COLLECTED MATERIAL
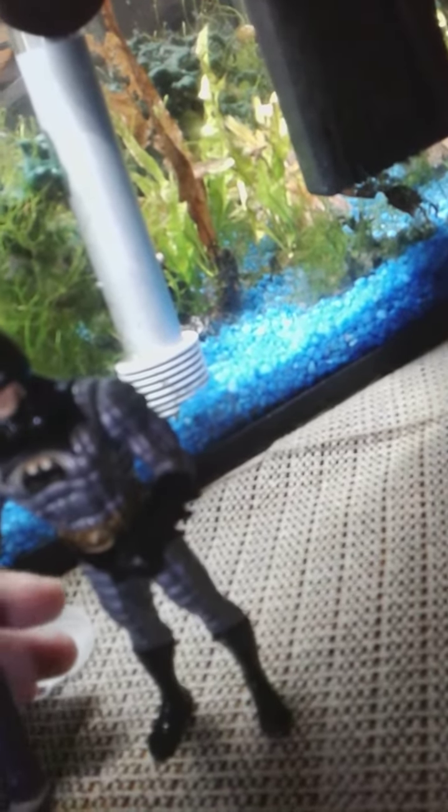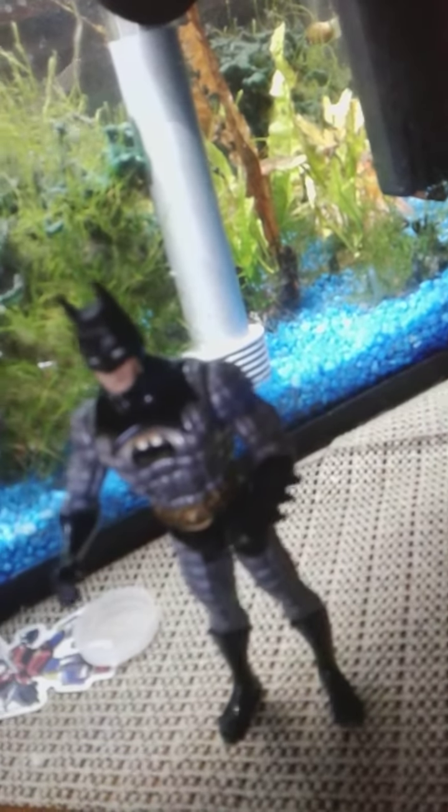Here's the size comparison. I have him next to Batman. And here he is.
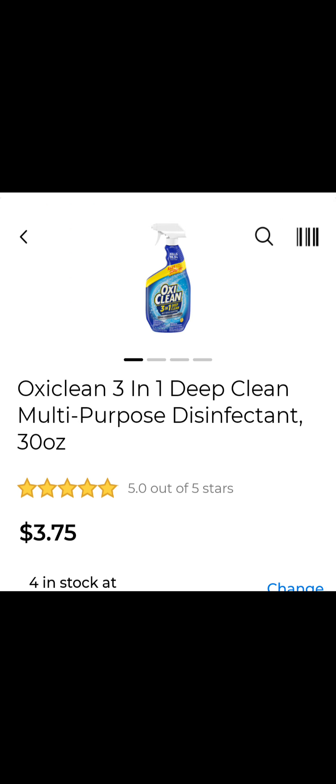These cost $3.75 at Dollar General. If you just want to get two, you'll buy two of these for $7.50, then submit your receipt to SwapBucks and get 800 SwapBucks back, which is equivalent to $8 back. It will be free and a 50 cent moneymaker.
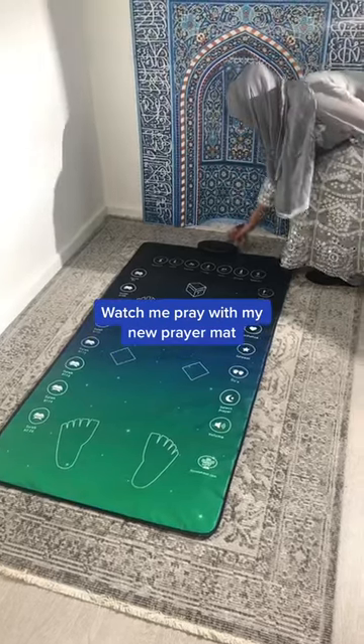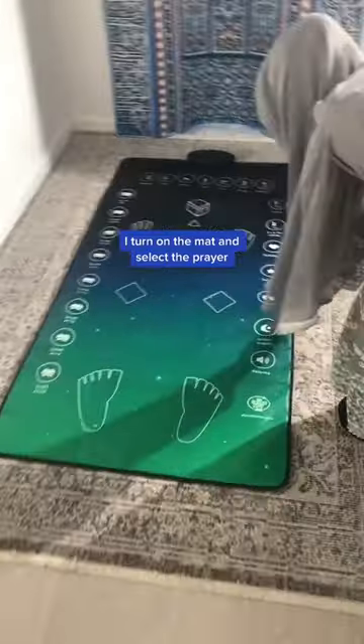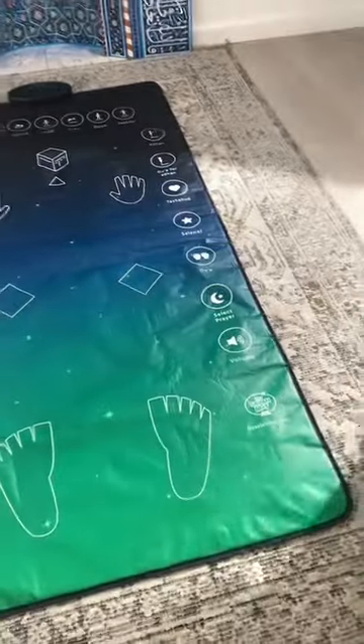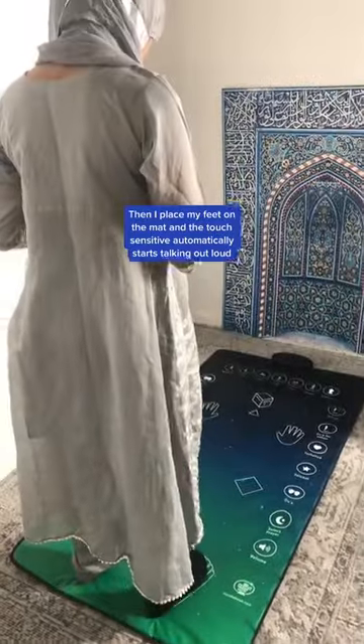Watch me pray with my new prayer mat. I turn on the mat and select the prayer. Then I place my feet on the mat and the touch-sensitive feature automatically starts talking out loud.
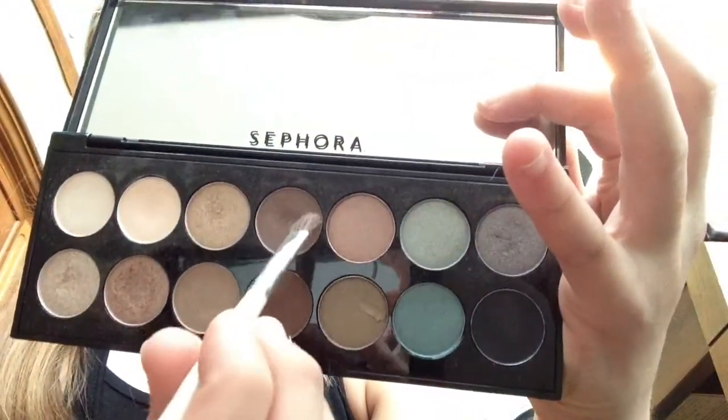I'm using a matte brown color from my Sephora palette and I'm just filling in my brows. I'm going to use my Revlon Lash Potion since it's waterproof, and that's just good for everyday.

ASSIGNMENT
Nothing but the lines from the first line of the data above through the line holding "Watch me pray" may appear in the response, copied exactly and without pictures.

ANSWER
Here's the size comparison. I have him next to Batman. And here he is.
These cost $3.75 at Dollar General. If you just want to get two, you'll buy two of these for $7.50, then submit your receipt to SwapBucks and get 800 SwapBucks back, which is equivalent to $8 back. It will be free and a 50 cent moneymaker.
Watch me pray with my new prayer mat. I turn on the mat and select the prayer. Then I place my feet on the mat and the touch-sensitive feature automatically starts talking out loud.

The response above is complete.